Several limitations are acknowledged. All cases are synthetic and manually vetted; real-world external validity remains an open question. Judges are LLMs with minimal prompt-level conditioning (fair, ethical), raising concerns over systematic linguistic biases and potential overalignment. Extension to multi-judge (jury) panels and integration with human-in-the-loop evaluation remain natural next steps. The current trait set is static per trial; enabling adaptive intra-trial trait switching or dynamic strategic folding is a promising direction for future research. Human evaluation of generated argument artifacts and cross-model judge analysis should further strengthen claims of generality and validity.

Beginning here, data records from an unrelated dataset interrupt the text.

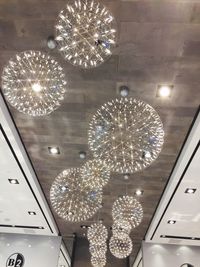 Low angle view of illuminated chandelier hanging from ceiling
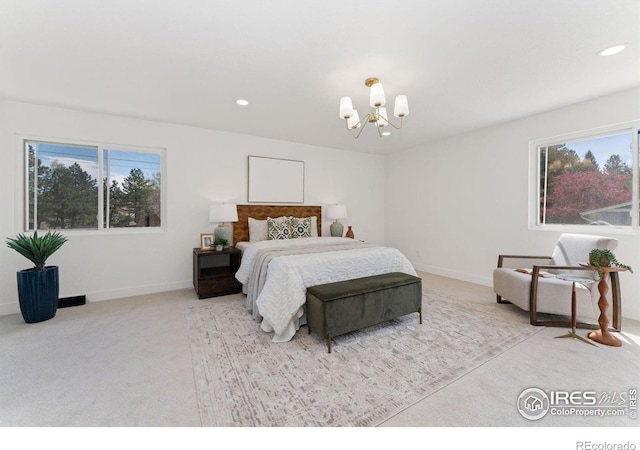 7102 S Harrison Ct, Centennial, CO 80122 - carpeted bedroom featuring a chandelier, multiple windows, recessed lighting, and baseboards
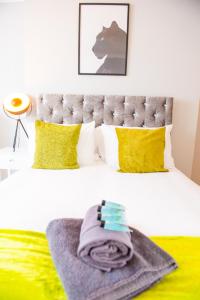 ein Bett mit gelben Kissen und einer Decke darauf in der Unterkunft 4 Bed - 2 Bathrooms 1 Walk in Shower - lots of Parking - Long Stays Welcome in Ipswich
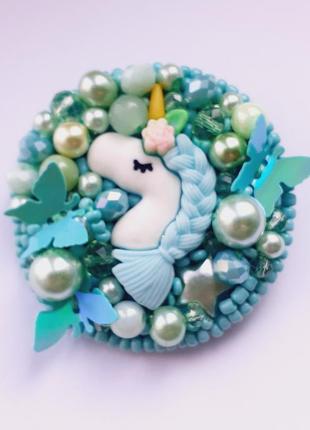 Брошка з єдиноріжкою, розшита намистинами та бісером м'ятного нефритового кольору.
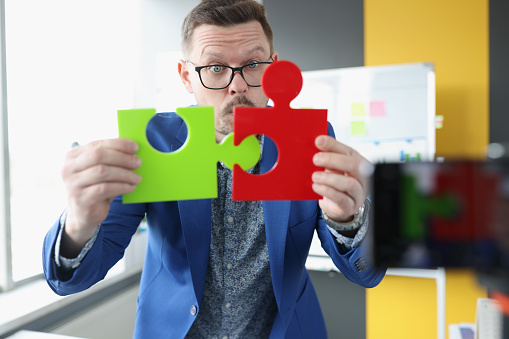 Male business coach connecting colorful puzzles in front of camera. Online business education concept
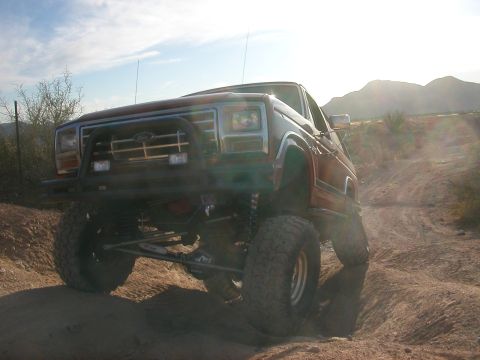 1984 Ford Bronco - This lifted Ford Bronco is navigating a dusty, off-road trail under a bright sky.
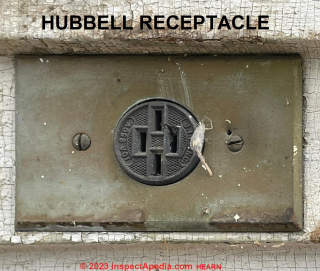 Hubbell electrical receptacle providing both parallel and tandem wall plug blade slots to accept either wall plug type (C) InspectApedia.com Hearn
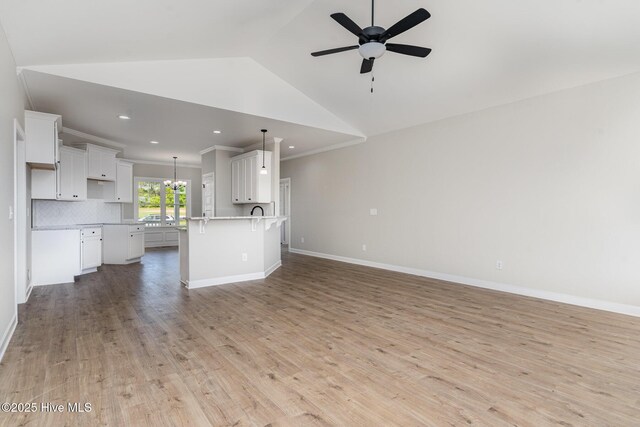 30 Tee Dr, Selma, NC 27576 - unfurnished living room with recessed lighting, lofted ceiling, baseboards, light wood-style flooring, and ceiling fan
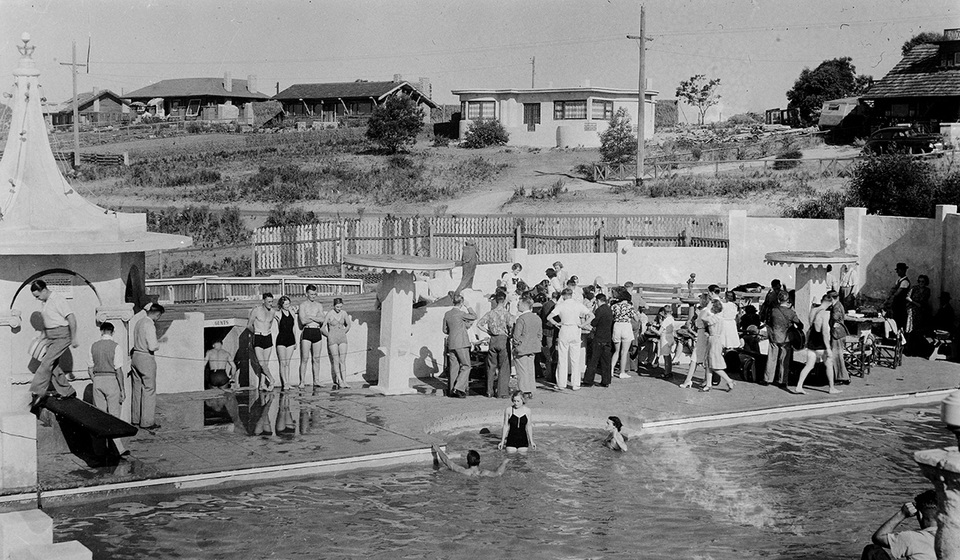 Black and white photographic postcard of a crowd beside a swimming pool. Houses in middle distance.
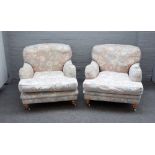 A pair of Howard style easy armchairs on turned beech supports, 80cm wide x 80cm high.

Broader Applications and Future Directions

The Strategic Courtroom Framework generalizes beyond law to any domain where adversarial or high-stakes discourse is central: international negotiation, corporate bargaining, educational debate, and collective decision-making are all within scope. The empirical finding that learned, dynamically adaptive persona composition can outperform static, human-designed archetypes paves the way for autonomous, self-improving agents capable of persuasive reasoning, negotiation, and argumentation in complex multi-agent environments.

As LLM capabilities in reasoning and long-horizon planning continue to advance, treating language as a formal action space will increasingly allow simulation, analysis, and automation of nuanced strategic communication.

Conclusion

The paper advances the study of discourse-mediated strategic interaction by providing a principled framework for adversarial, trait-conditioned, multi-agent LLM argumentation, validated across thousands of simulated trials. It demonstrates—quantitatively and qualitatively—that orchestrating agent-level heterogeneity, optimal argumentation depth, and RL-driven trait policy selection yields consistent gains in adversarial settings. This work contributes both a methodological platform and a set of empirical findings supporting language as a first-class strategic substrate in multi-agent systems, recommending future research on learned persona adaptation, evaluation protocols, and deployment in broader strategic domains (2604.07028).